In this present world, i think about why a person's voice matters. It is a common avenue through which people express their essence. So whether they are making cooing sounds to a new-born baby, or delivering a key-note address at a high-stakes conference, a person's voice allows them to demonstrate their personality and their beliefs. This is why i think about the way that our voices change throughout our lives.
Does out essence then change throughout our lives? I think so. When i think about how my voice sounded when i was a child and then an adolescent and how it sounds now, there is an obvious difference. It might be something with the actual anatomy of the vocal cords throughout our lives. But there is something else that has changed my voice. When i moved to the United Kingdom, my already soft tone of voice became even softer as i aimed to speak in a similar way as the locals so as to be able to communicate effectively with them. I now wonder if i changed my essence by making that change?
I suggest in this write-up that our voices change, so that we can adapt.
Perhaps, we need to adapt to our growing body mass when our voices change as adolescents, or we need to adapt to the changing world around us, involving such astronomical development in information technology. The way that we express ourselves by voice has certainly changed by the bombardment of information we get on a daily basis, through constant news cycles mostly just constantly pinging on our phones and mobile devices. I find that our voices now mostly have an undertone of fear. This fear can be demonstrated by anxiety, worry, hate, division, hopelessness.
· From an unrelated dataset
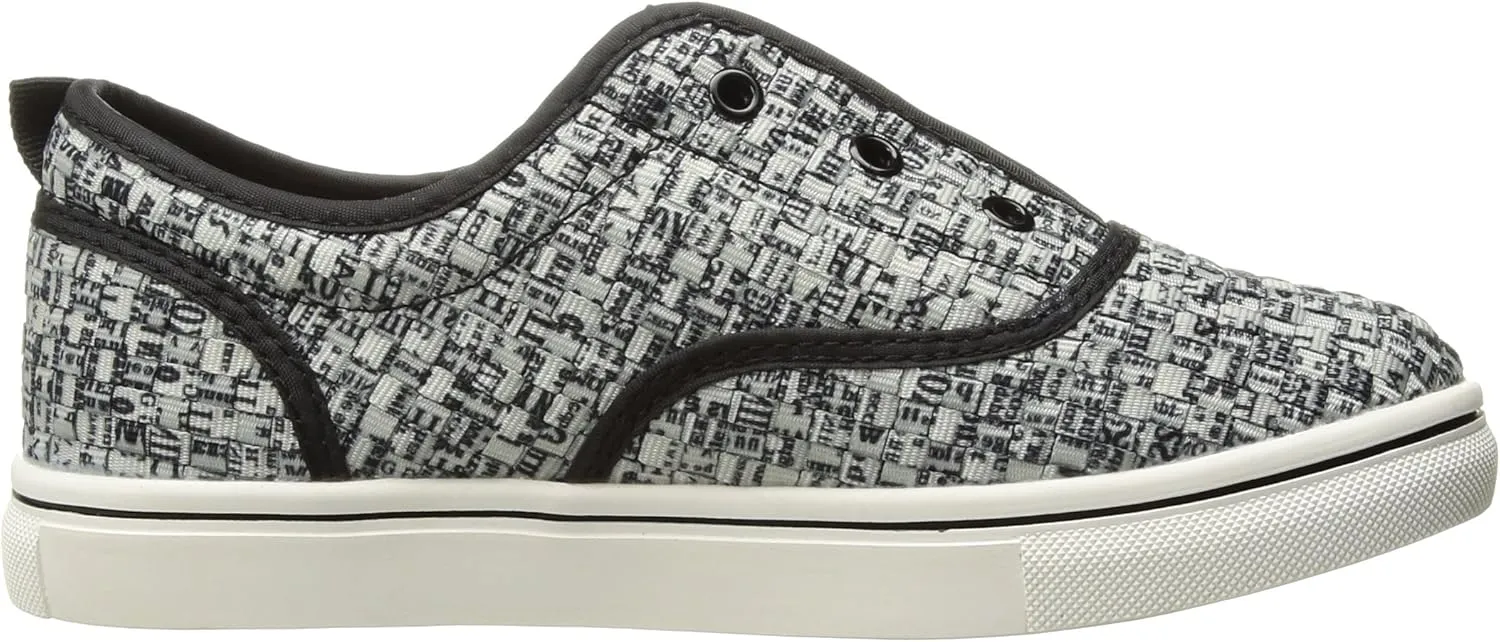 Bernie Mev Kids' Bambino Flat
Therefore people can start to speak through these emotional states and it is often clear in the voice when this happens.
The other aspect of the rise in information technology that can affect our voice (and i have certainly noticed this in myself), is that we can start to lose our individuality. We are afraid of being different or thinking differently than the general population (or gen pop - if you watched Prison break series back in the day 😊). I was once i a meeting where one of the attendees had very different views from the norm, which he was able to express respectfully and clearly. He made a point to say that because he has differing views from most people on this issue, he often felt that he should be quiet and not express his views. I thought this was a sad reality. A world in which everyone sounds the same and has the same views, is not a world i think would foster growth and personal/corporate growth.
I hope that i can continue to think and speak with my own voice, in a way that i can understand and be at peace with.